Une concession lourde de conséquences
La manoeuvre ne permettra absolument pas de trouver une solution à la crise, fulmine Le Figaro :
«Une abolition [de la réforme des retraites] camouflée en suspension qui coûterait une dizaine de milliards d'euros par an, prix faramineux du cadeau fait aux socialistes pour obtenir leur bienveillance. Une faute morale doublée d'une faute contre le bon sens, qui pourrait en annoncer d'autres. Une folie qui n'a rien d'un compromis, mais tout d'une compromission pour espérer que s'éloigne le spectre d'une deuxième dissolution.
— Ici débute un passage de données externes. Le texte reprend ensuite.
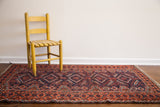 Vintage Tribal Belouch rug, vibrant madder root red and deep indigo blue geometric patterns.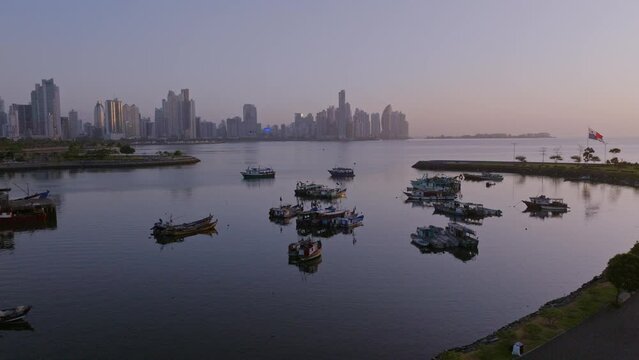 Slow motion drone shot of Panama City in the morning at mercado de marisco with view of the city and skyline ion the background and fishermen boats in front while orbit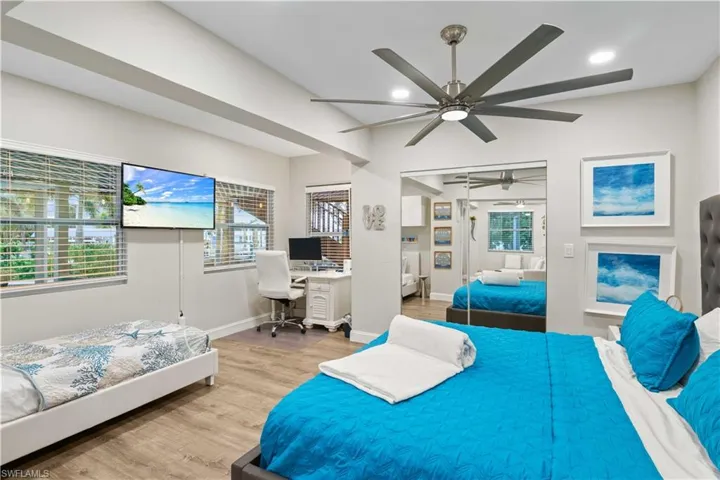 Spacious downstairs bedroom featuring a convenient spot for a laptop desk — perfect for guests, work, or study.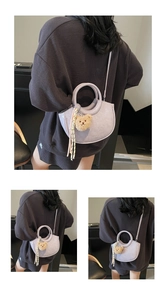 Detail of light purple leather bucket bag with cute bear charm and woven tassel detail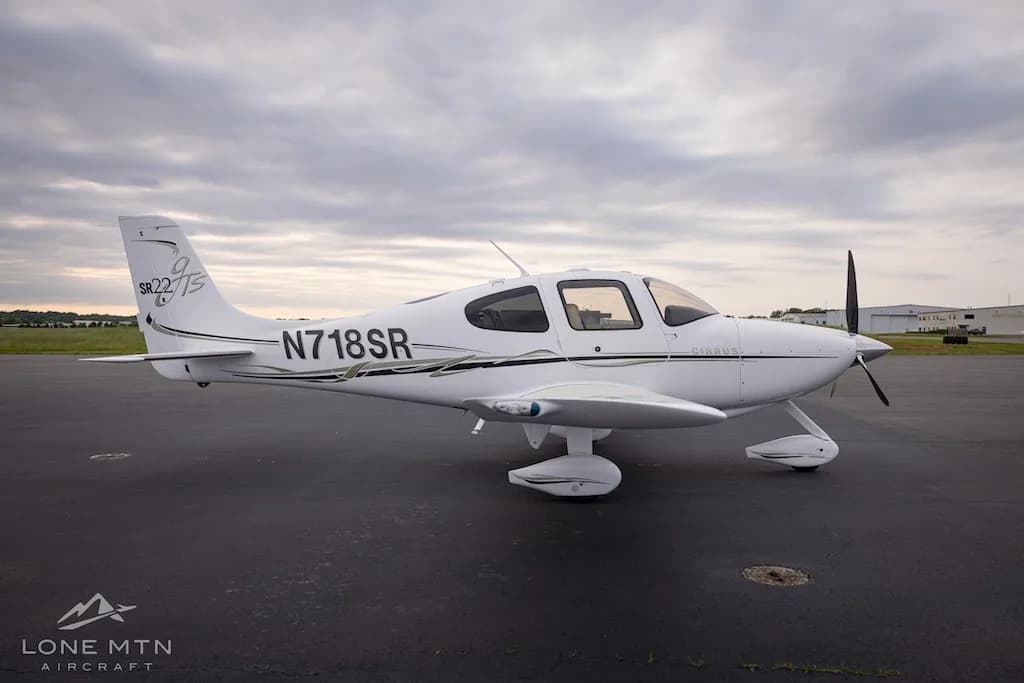Side view of a white Cirrus SR22T aircraft with black and gold accents parked on an asphalt tarmac.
Laquelle, si elle tournait mal, pourrait obliger le chef de l'Etat à démissionner. Craignant sans doute d'être emportés par de nouvelles élections législatives, quelques-uns parmi les députés LR seraient également prêts à marcher dans la combine.»
Des finances dans le rouge
La France se dirige vers un compromis budgétaire intenable, estime The Irish Times :
«Il ne devrait s'agir, tout au plus, que d'un expédient. ... Si elle s'abstient de mener des réformes radicales, la France se dirige vers le déclin financier. Les chiffres parlent d'eux-mêmes. Le déficit budgétaire dépasse les 5 pour cent du PIB et continue d'augmenter, alors que la dette publique représente près de 3 300 milliards d'euros - 114 pour cent du PIB. Un compromis sur le budget permettrait seulement de gagner du temps, alors que des élections anticipées ne permettraient probablement pas l'avènement d'un gouvernement susceptible de maîtriser efficacement la crise budgétaire.»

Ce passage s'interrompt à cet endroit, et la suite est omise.